あと、ドイツ将校にピアノを弾いて仲良くなるという有名なシーンだが、遅すぎるし少なすぎて拍子抜けした。
もっと毎晩のように何曲も弾いてちょっとずつ仲良くなっていくのかと思っていたら1曲だけとか……。
あとこの将校、最初から全然殺気がなくてなんか変な感じがした。
殺す気でピストルを構える将校に対し悠然とピアノを弾き、彼の心をほぐしていく……とかならもっと感動したのかも。
その後の将校とシュピルマンの交流もやたらとあっさりしていて『こんなもんか…』とがっかりした。

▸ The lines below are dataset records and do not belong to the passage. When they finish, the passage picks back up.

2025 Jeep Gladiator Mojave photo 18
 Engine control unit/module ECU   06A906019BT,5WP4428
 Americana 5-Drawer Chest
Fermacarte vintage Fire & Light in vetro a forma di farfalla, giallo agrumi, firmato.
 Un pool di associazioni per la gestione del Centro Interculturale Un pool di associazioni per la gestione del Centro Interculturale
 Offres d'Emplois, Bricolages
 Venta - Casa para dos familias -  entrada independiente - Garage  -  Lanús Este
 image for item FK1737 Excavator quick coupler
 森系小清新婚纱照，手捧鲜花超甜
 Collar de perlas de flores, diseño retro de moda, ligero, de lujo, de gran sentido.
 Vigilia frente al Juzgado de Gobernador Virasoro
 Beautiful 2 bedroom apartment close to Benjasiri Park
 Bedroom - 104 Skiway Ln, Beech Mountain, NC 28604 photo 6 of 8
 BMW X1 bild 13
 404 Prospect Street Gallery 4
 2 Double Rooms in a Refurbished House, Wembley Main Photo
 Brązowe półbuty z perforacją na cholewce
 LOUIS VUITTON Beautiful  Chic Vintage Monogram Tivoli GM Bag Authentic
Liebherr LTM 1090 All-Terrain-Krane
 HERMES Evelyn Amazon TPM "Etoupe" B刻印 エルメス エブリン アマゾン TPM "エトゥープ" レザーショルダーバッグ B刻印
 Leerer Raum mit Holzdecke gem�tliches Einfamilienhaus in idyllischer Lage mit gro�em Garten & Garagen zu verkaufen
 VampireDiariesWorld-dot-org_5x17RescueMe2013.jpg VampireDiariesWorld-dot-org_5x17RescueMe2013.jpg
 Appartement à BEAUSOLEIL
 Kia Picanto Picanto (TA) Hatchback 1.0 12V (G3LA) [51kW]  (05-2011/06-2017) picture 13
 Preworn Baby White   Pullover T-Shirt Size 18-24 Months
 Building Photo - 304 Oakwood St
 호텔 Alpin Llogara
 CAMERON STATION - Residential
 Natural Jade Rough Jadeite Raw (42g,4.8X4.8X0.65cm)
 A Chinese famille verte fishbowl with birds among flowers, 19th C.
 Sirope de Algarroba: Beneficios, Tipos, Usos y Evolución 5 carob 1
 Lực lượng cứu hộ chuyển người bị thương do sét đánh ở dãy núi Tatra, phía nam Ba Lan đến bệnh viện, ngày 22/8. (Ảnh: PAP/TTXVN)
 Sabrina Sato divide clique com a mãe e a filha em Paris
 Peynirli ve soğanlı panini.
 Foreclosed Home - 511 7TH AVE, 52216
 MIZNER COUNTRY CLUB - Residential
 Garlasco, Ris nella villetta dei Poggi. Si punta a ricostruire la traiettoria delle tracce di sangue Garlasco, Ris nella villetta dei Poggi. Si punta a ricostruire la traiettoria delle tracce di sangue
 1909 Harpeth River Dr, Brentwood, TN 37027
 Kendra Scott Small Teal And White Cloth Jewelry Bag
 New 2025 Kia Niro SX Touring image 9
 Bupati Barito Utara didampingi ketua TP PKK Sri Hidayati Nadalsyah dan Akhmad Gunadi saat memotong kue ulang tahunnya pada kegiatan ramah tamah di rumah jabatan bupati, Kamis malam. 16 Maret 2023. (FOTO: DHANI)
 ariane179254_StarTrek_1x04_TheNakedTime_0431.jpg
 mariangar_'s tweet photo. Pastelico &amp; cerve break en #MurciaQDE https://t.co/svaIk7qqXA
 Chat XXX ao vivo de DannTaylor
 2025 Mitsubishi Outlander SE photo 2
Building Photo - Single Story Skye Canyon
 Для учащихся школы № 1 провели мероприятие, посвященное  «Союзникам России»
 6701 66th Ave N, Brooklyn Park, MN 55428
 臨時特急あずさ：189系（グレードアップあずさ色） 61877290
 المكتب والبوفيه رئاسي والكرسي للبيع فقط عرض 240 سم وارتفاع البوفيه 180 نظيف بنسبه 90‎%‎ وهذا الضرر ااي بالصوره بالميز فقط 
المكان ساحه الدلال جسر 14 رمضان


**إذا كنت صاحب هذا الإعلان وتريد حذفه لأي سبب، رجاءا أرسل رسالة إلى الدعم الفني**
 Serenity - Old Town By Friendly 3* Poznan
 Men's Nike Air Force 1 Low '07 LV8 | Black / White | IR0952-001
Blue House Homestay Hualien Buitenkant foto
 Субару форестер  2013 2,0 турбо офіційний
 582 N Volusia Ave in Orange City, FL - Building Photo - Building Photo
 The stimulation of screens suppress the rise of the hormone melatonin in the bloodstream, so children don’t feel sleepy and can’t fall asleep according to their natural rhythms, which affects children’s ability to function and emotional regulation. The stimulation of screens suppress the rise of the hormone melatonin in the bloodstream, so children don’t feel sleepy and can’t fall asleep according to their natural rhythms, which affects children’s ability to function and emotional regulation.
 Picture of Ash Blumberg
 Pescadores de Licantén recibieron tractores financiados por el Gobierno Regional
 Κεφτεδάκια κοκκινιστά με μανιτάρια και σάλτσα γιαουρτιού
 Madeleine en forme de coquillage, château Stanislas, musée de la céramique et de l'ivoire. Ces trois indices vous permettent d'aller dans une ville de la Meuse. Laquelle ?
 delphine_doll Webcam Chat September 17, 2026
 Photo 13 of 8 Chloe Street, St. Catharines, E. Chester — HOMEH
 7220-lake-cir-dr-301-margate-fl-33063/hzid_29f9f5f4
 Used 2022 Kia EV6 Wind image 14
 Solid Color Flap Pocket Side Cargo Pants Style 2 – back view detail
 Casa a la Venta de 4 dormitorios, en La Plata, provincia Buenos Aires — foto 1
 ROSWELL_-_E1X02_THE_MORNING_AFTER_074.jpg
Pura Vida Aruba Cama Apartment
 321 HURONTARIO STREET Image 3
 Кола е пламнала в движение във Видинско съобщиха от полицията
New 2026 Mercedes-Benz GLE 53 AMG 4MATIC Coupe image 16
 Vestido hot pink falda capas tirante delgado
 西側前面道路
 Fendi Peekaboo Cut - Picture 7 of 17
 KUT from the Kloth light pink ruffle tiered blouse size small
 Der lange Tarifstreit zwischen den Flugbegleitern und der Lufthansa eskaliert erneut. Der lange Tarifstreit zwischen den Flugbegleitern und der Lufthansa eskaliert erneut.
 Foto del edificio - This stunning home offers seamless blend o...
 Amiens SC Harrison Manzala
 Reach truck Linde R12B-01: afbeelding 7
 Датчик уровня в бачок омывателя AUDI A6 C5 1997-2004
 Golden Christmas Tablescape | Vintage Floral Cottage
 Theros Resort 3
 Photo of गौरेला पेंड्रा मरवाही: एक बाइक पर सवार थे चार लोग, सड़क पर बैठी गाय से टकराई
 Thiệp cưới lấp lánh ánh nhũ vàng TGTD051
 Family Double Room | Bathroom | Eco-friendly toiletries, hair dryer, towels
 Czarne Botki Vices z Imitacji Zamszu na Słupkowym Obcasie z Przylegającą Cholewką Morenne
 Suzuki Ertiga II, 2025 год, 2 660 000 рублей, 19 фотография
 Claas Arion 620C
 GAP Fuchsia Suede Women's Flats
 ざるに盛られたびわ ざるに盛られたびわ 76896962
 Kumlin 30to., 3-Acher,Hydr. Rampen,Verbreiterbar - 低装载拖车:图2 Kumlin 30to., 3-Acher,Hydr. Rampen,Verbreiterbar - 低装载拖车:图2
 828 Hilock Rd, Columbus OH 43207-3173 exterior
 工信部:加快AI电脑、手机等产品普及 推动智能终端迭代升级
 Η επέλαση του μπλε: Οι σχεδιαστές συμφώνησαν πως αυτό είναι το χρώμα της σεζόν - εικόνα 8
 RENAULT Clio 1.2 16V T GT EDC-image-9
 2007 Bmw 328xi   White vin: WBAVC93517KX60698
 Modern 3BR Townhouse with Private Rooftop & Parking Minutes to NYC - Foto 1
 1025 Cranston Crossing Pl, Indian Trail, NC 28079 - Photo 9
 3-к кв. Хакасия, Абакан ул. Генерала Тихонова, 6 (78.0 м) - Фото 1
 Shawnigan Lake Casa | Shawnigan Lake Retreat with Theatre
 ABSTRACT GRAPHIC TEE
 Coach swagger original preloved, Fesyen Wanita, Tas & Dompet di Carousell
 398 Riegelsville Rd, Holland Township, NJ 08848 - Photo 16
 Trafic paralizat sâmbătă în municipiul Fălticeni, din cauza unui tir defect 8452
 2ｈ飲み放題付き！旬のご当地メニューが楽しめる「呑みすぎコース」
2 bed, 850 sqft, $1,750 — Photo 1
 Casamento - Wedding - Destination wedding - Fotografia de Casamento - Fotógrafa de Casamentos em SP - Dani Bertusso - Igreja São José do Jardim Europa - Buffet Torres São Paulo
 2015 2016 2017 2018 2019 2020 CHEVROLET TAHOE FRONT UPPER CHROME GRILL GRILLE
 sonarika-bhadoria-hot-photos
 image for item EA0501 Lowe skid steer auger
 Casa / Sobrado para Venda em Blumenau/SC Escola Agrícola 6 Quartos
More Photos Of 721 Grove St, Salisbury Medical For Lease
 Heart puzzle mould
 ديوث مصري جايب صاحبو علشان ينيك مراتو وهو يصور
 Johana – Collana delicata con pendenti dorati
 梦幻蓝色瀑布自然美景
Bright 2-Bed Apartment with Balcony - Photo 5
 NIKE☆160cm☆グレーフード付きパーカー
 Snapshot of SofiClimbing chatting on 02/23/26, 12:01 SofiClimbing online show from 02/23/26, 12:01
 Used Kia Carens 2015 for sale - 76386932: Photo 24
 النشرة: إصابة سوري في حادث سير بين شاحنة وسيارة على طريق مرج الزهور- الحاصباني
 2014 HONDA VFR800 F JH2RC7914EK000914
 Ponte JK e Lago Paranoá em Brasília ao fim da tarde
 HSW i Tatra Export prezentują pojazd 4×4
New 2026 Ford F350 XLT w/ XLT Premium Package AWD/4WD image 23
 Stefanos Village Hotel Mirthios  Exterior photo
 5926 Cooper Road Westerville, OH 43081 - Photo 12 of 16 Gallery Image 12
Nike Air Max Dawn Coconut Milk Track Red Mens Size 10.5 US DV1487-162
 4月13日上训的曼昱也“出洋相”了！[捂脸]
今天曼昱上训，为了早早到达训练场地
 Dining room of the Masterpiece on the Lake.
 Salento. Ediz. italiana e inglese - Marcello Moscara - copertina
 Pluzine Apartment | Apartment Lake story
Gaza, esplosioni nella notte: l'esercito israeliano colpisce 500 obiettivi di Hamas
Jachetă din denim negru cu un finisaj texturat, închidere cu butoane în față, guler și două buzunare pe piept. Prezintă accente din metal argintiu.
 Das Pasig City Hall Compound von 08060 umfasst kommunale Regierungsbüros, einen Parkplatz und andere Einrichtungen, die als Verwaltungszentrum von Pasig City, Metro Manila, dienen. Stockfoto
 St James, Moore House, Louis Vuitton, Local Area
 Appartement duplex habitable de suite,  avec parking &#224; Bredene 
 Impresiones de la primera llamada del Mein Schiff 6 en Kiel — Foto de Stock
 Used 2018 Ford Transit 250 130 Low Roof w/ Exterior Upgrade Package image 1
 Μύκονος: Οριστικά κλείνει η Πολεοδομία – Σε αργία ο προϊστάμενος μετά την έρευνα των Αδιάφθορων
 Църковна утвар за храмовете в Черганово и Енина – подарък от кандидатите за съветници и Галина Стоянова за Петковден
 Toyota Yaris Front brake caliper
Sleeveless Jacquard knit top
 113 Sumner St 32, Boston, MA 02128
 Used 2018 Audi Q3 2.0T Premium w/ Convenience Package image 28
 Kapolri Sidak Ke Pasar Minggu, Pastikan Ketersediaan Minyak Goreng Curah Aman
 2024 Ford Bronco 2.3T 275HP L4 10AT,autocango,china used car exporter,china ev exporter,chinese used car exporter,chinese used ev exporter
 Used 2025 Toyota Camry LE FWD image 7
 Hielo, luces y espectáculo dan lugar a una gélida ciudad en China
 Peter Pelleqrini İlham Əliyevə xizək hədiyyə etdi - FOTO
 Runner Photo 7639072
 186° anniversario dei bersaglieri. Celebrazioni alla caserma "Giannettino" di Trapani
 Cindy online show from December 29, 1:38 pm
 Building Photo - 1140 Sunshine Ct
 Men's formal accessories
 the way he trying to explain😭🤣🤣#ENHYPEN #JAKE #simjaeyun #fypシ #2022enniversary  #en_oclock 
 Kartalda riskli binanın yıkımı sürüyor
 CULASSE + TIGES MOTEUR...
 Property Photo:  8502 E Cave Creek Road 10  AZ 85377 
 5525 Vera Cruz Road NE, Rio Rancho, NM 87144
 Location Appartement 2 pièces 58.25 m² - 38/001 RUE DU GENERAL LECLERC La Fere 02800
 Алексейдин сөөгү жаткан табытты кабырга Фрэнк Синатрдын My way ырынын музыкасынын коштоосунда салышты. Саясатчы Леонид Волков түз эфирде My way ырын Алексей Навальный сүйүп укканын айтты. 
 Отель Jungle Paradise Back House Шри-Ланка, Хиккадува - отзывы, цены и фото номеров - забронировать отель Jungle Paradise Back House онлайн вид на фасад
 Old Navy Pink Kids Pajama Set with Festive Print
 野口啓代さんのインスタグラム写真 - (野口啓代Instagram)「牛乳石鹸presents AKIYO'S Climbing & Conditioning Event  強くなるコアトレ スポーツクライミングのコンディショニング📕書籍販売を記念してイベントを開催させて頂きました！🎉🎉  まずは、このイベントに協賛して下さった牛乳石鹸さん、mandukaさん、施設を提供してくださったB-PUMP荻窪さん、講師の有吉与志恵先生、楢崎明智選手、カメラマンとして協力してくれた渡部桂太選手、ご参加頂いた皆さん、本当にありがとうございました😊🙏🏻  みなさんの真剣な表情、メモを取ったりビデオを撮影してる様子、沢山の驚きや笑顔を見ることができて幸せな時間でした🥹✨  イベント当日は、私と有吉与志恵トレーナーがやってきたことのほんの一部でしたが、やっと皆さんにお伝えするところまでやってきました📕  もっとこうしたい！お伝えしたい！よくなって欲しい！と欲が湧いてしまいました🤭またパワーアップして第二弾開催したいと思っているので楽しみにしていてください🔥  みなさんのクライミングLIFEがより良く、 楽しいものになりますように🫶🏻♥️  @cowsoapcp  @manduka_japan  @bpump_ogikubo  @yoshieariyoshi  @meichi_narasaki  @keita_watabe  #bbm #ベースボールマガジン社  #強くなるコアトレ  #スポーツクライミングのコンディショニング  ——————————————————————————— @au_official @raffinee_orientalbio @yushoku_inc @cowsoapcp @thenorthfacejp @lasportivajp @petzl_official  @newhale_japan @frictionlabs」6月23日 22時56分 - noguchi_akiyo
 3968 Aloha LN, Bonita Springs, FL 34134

エピローグもさらさらしすぎていて余韻に欠けるし、将校のその後が単なる説明しかないのも萎えた。

結局、本作にとってピアノや音楽というのがプロットを成立させるちょっとしたガジェットでしかなかったのが一番がっかりした。
音楽じゃなくてもシュピルマンとドイツ将校の友情はいくらでも成立しただろう。
音楽が極限状態の人間精神に与える何かというのは、この作品には全く見えなかった。
戦争映画としてはとても秀逸だが、音楽映画としては失敗しているとしか思えない。
この作品を観て、『音楽は素晴らしい』とはならなかった。